米企業で進む世代交代、時代に合わせて仕事場も変化

未来の仕事場はこんなに開放的?

2012.11.19 Mon posted at 17:57 JST

(CNN) 米国では1979~1997年生まれの「Y世代」と呼ばれる働き手の数が増える一方、これまで企業を支えていた1946~64年生まれの「ベビーブーマー」が職場を離れつつある。こうした世代交代の動きが進めば、フォーマルな会議室は消え去り、開放的なスペースが増えるなど、仕事場の風景も大きく変わりそうだ。

米オフィス用家具大手Knollで職場関連の調査部門のシニアディレクターを務めるマイケル・オニール氏は「米国では大規模な世代交代が起こっている。ベビーブーマーが職場を去りつつあるが、これはつまり、我々は職場というものを考え直す必要があるということだ」と指摘する。

同社が2010年に発表したリポートによれば、向こう10年の間に、ベビーブーマーが約50%、Y世代が25%というこれまでの職場の中の人口比が逆転し、ベビーブーマーが25%、Y世代が50%になるという。

オニール氏は、新世代の労働者に対応して彼らを引きつけるためには仕事場がどのように変化する必要があるのか把握しようと、4世代にわたる1万5000人超を対象に仕事のパターンや好みについて40カ国で調査を実施した。

それによれば、Y世代は、「魅力のある仕事場」を最も重視し、「会議室の質」については最も重視しなかった。一方、ベビーブーマーはこの逆で、「会議室の質」を最も重視していた。

オニール氏は「ベビーブーマーは、しっかりと準備した、顔と顔を直接合わせた会議を好む」と指摘。そのために、会議室の質が重要になるという。

一方、Y世代は逆で、時間がかからず、カジュアルで、交流サイト(SNS)的な会議を好む。そのため、情報交換にはテクノロジーを使い、会議の長さやフォーマルな空間というものを重要視しない。

Y世代にとっての魅力のある仕事場は、プライベートな生活も交じり合ったものであり、仕事場が住居や自室のように感じられることが好まれる。オニール氏によれば、ベビーブーマーは逆に、職場に我が家を想起させるようなスペースは期待していないし、望んでもいないという。さらに、ベビーブーマーが重視するのは、機能性や効率性だ。

それでは、未来の職場では、仕事はどのようなものになるのだろうか。

未来の仕事についての著書があるアリソン・メートランド氏は「仕事が、場所ではなく、働き方だという考え方が出てきている」と指摘。「そこでは、協同と技術革新が重要視され、専用の机を持った人はおらず、従業員は、与えられた時間で最も作業しやすい場所へ移動して働くよう求められる」と説明する。

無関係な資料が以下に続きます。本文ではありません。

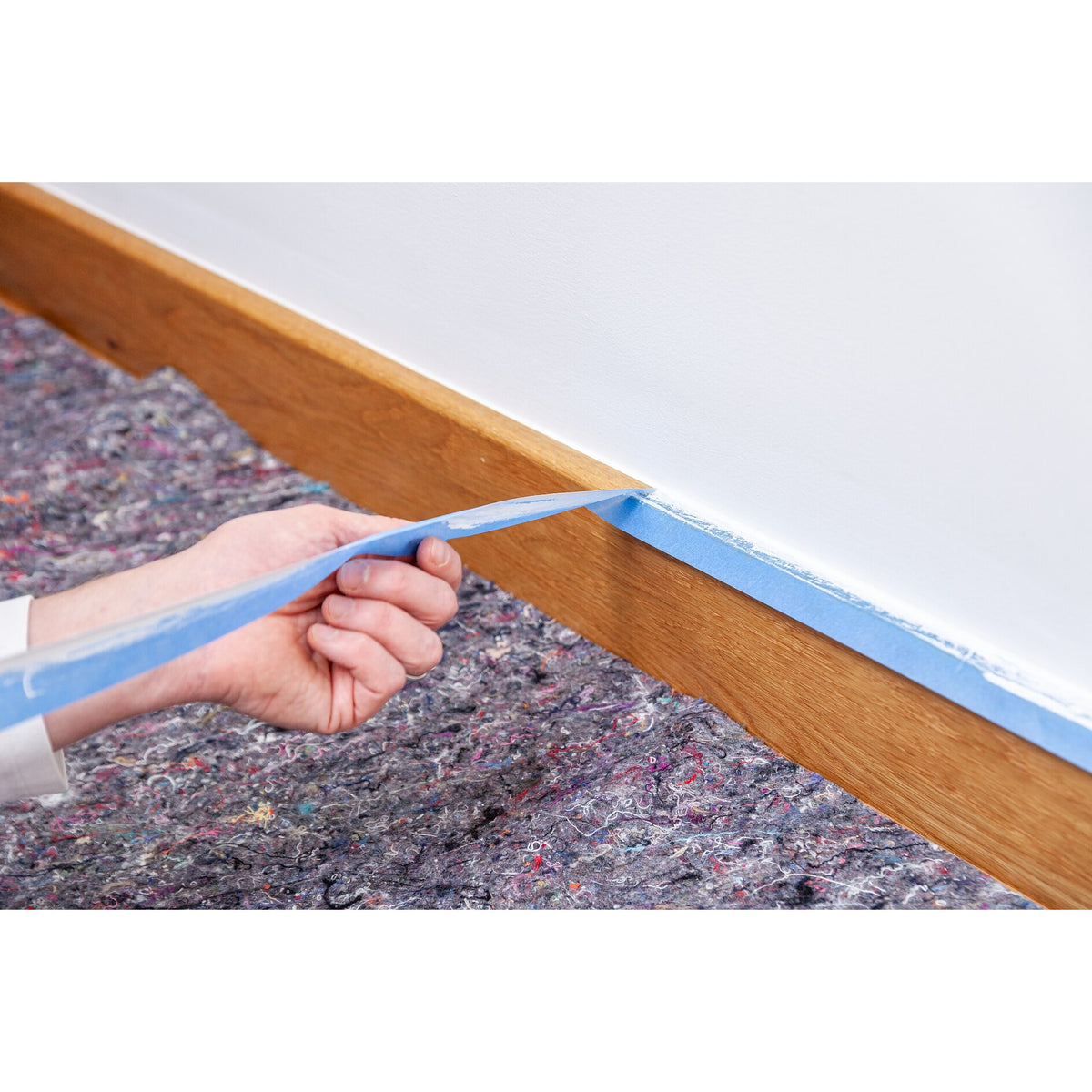 tesa Professional 4460 2in1 Präzisionskrepp Malerband, 25 m x 30 mm – Anwendung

ただ、メートランド氏は、世代交代について、人々に新しい働き方を促す様々な要因の一つに過ぎないと強調する。新しい働き方は、科学技術や経済、ビジネスの変化をも反映したものだ。

Knollのオニール氏は、「かつては、ある一定数の人々のためのオフィスビルを大量生産する方程式が存在した。しかし、今では、デザイナーは、各企業のやり方や方向性に合わせて、より多様な部屋を作るようになった。たとえば、よりオープンな会議室や通路の近くにあるラウンジといった具合だ。つまり、これは、『私の仕事場』から『私たちの仕事場』へと変化したことを示している」と語る。

Y世代には携帯端末が利用できるかどうかといったことが重要になる

しかし、職場の仕切りを全て取り壊すことは、ベビーブーマーにとっては難題だ。ベビーブーマーにとって、周囲と区切られたオフィスは成功の証しであり、キャリアを通じて自分だけのオフィスを獲得しようと努力してきたからだ。

オニール氏によれば、Y世代にとっての成功の証しは、新型の「iPad(アイパッド)」を持っているかどうかや、自由度の高さにあるという。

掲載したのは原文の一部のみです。